We all, more or less, realize what the local milling of the low-grade ores means to Cripple Creek. It does not offer a large or immediate reward to the mine owner, but on the contrary calls for a considerable expenditure of capital; hence, the development of low-grade ore milling must proceed conservatively along the lines of consolidation of small properties or joint milling on a cooperative basis.
Milling the low-grade ores in the district does, however, mean the maintaining of, and possibly an increase in, the output of shipping ore; the prolongation of the life of the camp, I might say, indefinitely; the steady employment of large numbers of men in the mines and mills and the purchase of vast quantities of supplies.
In a word, high-grade production tends to make millionaires; the low-grade, a populous, prosperous and permanent community. The Cripple Creek district will, I hope, continue to give us both.
I believe, gentlemen, you will ever find cause for congratulation in the fact that you were pioneers in this low-grade milling industry.
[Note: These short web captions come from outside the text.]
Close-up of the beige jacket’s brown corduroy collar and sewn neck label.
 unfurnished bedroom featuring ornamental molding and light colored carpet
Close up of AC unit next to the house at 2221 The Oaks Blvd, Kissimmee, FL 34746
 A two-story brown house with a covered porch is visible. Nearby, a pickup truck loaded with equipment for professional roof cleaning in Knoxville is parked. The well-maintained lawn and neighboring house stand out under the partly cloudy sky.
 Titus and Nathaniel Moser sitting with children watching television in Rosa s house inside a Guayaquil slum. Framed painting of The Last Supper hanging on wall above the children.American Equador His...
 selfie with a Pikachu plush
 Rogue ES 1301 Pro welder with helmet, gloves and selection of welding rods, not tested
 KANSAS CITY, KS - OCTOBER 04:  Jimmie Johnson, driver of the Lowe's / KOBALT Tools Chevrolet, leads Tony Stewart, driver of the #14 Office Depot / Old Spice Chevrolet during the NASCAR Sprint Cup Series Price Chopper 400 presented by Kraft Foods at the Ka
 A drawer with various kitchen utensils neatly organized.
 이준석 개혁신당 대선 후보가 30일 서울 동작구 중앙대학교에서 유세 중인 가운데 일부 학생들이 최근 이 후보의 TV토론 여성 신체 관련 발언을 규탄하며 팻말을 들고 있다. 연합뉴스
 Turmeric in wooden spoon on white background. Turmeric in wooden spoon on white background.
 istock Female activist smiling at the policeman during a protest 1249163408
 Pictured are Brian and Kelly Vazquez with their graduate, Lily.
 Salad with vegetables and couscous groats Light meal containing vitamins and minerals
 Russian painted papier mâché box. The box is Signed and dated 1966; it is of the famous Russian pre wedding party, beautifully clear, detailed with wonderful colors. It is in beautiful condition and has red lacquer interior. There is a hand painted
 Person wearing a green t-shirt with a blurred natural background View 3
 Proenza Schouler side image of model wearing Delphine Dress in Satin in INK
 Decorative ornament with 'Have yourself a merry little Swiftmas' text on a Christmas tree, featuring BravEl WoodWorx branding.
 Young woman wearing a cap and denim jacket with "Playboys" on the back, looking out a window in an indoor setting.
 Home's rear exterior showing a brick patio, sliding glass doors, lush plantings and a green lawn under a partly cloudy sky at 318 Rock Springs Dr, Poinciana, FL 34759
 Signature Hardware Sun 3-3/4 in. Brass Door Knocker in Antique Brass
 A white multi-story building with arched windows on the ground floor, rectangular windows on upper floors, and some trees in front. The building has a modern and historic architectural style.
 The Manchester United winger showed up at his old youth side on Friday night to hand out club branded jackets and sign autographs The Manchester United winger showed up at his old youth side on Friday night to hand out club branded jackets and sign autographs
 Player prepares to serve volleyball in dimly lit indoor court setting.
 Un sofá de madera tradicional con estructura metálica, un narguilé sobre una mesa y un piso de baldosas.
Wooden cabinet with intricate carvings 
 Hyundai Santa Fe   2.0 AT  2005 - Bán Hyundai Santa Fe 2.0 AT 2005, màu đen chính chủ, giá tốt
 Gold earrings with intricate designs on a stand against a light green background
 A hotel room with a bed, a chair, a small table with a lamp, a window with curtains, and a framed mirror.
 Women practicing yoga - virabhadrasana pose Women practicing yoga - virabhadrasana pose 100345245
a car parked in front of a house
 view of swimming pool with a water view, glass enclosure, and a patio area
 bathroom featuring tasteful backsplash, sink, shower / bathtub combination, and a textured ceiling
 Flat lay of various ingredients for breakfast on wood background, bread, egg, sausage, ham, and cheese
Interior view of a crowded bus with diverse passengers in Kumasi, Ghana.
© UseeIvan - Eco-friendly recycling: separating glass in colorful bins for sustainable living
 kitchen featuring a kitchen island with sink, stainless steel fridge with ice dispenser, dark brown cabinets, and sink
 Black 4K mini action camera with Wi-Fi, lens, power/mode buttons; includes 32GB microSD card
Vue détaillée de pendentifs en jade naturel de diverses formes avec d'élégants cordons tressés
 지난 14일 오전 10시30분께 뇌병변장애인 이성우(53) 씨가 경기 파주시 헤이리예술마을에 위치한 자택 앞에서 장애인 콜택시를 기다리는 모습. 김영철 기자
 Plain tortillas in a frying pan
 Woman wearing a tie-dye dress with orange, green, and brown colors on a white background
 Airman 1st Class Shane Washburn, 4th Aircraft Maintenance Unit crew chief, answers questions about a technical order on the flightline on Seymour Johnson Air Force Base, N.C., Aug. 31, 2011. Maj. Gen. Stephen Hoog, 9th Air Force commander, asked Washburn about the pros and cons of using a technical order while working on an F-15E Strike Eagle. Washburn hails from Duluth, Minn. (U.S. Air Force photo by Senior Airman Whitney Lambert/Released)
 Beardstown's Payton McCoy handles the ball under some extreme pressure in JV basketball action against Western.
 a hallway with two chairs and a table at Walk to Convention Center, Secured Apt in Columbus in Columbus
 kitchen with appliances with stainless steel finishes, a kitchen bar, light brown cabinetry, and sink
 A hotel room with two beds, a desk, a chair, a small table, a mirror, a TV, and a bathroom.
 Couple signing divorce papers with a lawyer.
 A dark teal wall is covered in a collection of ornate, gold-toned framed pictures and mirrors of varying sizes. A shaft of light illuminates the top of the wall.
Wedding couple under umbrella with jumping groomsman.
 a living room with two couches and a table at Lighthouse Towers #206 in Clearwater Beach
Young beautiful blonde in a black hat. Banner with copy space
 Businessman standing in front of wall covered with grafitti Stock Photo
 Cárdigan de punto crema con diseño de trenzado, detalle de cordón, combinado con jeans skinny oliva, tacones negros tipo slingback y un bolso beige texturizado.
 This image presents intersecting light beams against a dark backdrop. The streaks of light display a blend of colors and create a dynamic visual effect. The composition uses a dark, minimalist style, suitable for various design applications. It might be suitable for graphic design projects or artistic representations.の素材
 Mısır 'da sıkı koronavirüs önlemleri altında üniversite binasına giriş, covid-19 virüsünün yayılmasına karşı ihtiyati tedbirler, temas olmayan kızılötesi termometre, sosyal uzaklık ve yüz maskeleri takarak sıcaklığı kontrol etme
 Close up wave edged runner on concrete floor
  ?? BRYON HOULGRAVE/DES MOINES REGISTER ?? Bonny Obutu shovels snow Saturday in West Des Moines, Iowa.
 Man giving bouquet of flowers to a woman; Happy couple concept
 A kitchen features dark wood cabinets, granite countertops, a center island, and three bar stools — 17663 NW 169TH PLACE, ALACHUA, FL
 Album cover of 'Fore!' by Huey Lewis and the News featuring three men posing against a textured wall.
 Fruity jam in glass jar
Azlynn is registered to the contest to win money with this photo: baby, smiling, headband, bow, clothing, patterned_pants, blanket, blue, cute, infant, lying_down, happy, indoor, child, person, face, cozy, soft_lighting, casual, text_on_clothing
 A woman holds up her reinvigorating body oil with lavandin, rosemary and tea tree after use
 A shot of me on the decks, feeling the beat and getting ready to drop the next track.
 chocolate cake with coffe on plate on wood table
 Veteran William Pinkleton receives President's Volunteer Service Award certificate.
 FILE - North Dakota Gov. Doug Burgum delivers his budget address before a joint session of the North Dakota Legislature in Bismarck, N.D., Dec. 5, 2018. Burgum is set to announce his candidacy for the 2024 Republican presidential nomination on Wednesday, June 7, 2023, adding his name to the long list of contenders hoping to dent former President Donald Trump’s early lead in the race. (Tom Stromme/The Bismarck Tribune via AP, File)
Your work has shown that sulpho-telluride ore can be concentrated, that the tailings from the concentrator can be cyanided and ores running less than $3 per ton can be milled at a profit; and I sincerely thank you for your cooperation and assistance in this great work—second to nothing that has ever been undertaken in the Cripple Creek district—where you blazed the way others can safely follow, successfully copy and, let us hope, in time improve.
VALUE OF AN INTELLIGENT BOARD OF DIRECTORS
Nevertheless. I would not have you forget that great as has been our responsibility and arduous the work, yet I believe the ultimate credit is due to the directors of Stratton's Independence Ltd., who eight years ago, realizing that one-fifth of the production of their mine was finding its way into the ore-house dump, started research work looking toward its recovery: first, by electro-cyanide methods, later by erecting and operating an experimental plant at a cost of nearly $60,000, and experimenting in various ways for fully four years; lastly, sanctioning the expenditure of more than a quarter of a million dollars in the plant we erected and are now operating.
At all times I felt I had in our board real men behind me, gentlemen who supported and encouraged me at every step and who never lost confidence in the ultimate outcome of the undertaking, even when advised by interested people from this district that they were wasting their resources in metallurgical impossibilities.
To these gentlemen is due, then, the full credit for introducing low-grade milling into the Cripple Creek district and it is through their keen business acumen that success has been achieved and that we are here tonight to celebrate it, even at a time when others continue to use their low-grade ore to ballast railways and fill waste places along the right of way.
Much has been said and written of late about the great and little-understood doctrine of conservation, but here is true conservation, the creation of a great and profitable industry from the waste rock of yesterday.
A new era is dawning over the Cripple Creek district, local milling is firmly established by two great mills, the largest ever erected in the district.
This, however, is but the beginning of home treatment, which, I believe, will rapidly expand in the near future and soon cover the entire field.
Cyanogen is king!
NOTE—Address at banquet in celebration of first month's run of the second unit of Stratton's Independence mill.
* Consulting engineer for Stratton's Independence, Ltd. (Philip Argall & Sons, Majestic building, Denver, Colo.)